Foster joined the faculty of Princeton University, where he holds the Townsend Martin, Class of 1917, Professorship in Art and Archaeology, and has also been a regular contributor to October, the journal co-founded by Krauss and Annette Michelson that has served as the principal organ of advanced art criticism in America. His own critical writings, including Recodings: Art, Spectacle, Cultural Politics (1985), The Return of the Real (1996), and Prosthetic Gods (2004), combine psychoanalytic theory, Frankfurt School critical theory, and close formal analysis to interrogate the relationship between avant-garde art and the broader culture it claims to resist.

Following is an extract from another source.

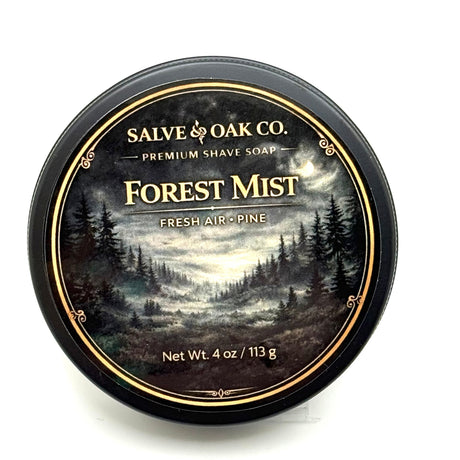 Salve & Oak Forest Mist Shave Soap 4.0 oz.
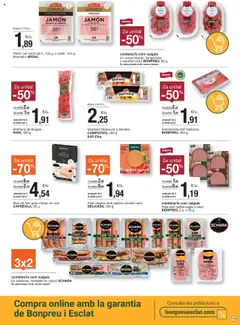 Bonpreu folleto │ válido desde el 09.09.2025 | Página: 13 | Productos: Jamón, Paté, Horno, Mortadela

As co-author, with Rosalind Krauss, Yve-Alain Bois, and Benjamin H.D. Buchloh, of Art Since 1900: Modernism, Antimodernism, Postmodernism (2004, revised 2011 and 2016), Foster helped produce the most comprehensive and theoretically sophisticated survey of modern and contemporary art available. The textbook's innovative structure, organized as a sequence of dated entries rather than a continuous narrative, reflected its authors' conviction that art history is not a smooth progression but a series of ruptures, returns, and contestations.
Foster's influence extends across art history, literary studies, and cultural theory. His concept of the 'return of the real' -- the argument that avant-garde art periodically returns to traumatic encounters with the body and the social that earlier movements had sublimated -- has become a widely cited framework for understanding the relationship between aesthetic experimentation and historical experience. He continues to write and teach at Princeton, where his seminars attract students from across the humanities.